TOTAL amnesia as a comedic trope has been played out for decades, but it drags itself out of the depths for Overboard, a remake of Garry Marshall’s 1987 Goldie Hawn-kurt Russell vehicle.

Reversing gender roles to have Mexican comedy star Eugenio Derbez play the spoilt billionair­e and Anna Faris the working-class mom who exploits him, first-time directors Bob Fisher and Rob Greenberg start off with a movie so dull it threatens to vanish from the viewer’s memory before it’s even finished.

Things get better midway through, with the directors’ screenplay finally playing to the talents of at least one of its stars, Derbez.

Faris plays Kate, a young Oregon widow raising three girls while working two jobs and tolerating one unreliable mom (Swoozie Kurtz). Mom was supposed to be caring for the kids during Kate’s last month of studying for a nursing exam, but she just ran off to join a touring theatre troupe, leaving Kate in the lurch.

Derbez is Leonardo, the son of a constructi­on-materials magnate.
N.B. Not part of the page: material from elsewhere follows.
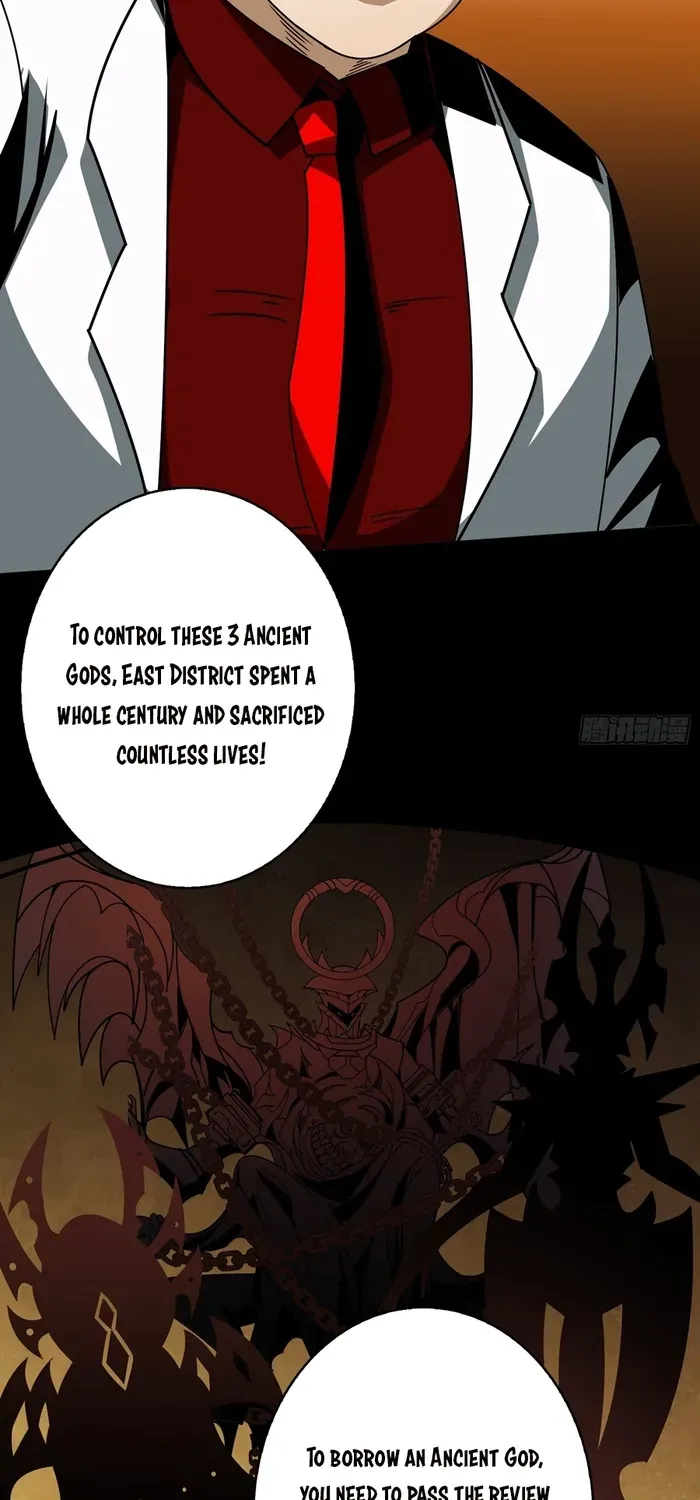 A Beginner With the Mightiest Account Chapter 332 page 5 -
While his sister Magda (Cecilia Suarez) slaves away at the family business, hoping to take control when their father dies, Leonardo lives in a “floating orgy” – boozing and canoodling with models on a giant yacht.
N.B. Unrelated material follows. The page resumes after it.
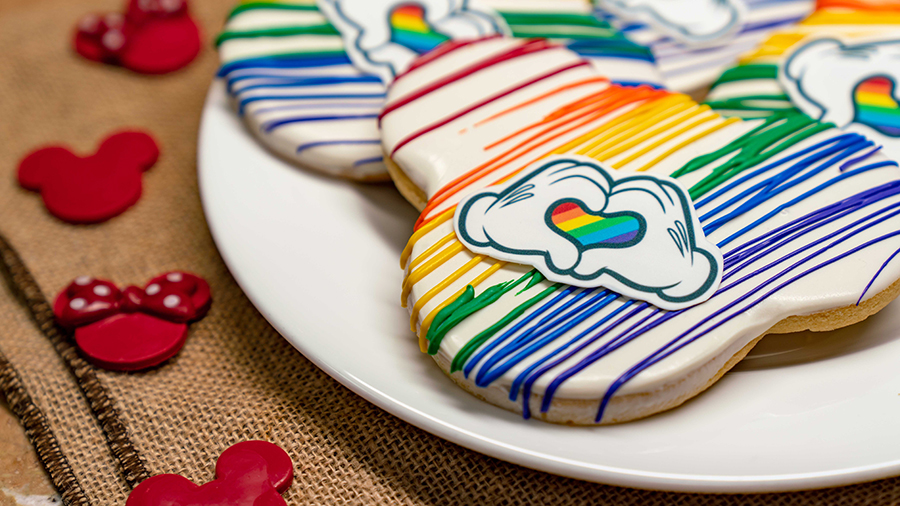 Rainbow Cookie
Kate is hired to clean the yacht’s carpet, and when she refuses to fetch Leonardo some snacks, he pushes her overboard as he motors out to sea. He goes overboard himself just hours later, tumbling drunkenly and waking up on the Oregon coast with no idea who he is.

Magda concocts a story that he was killed by sharks, so nobody is looking for him.

Learning of his situation, Kate and her friend Theresa

(Eva Longoria) hatch a pretty ridiculous plan. They go to the hospital to tell doctors and Leonardo that he is Kate’s husband, Leo, an alcoholic who fell off the wagon and went missing recently.

Kate brings Leo home with the idea that he’ll pay off what he owes her (with interest) by being her domestic slave.

Predictabl­y, if tardily, a funny thing happens on the way to poetic justice: Leo starts to become a decent man. As a performer, Derbez opens up as the script gives him slightly more interestin­g things to do.

The film wrings a couple of laughs from near-misses, though these scenes are hardly tailored to Faris’s screwball gifts.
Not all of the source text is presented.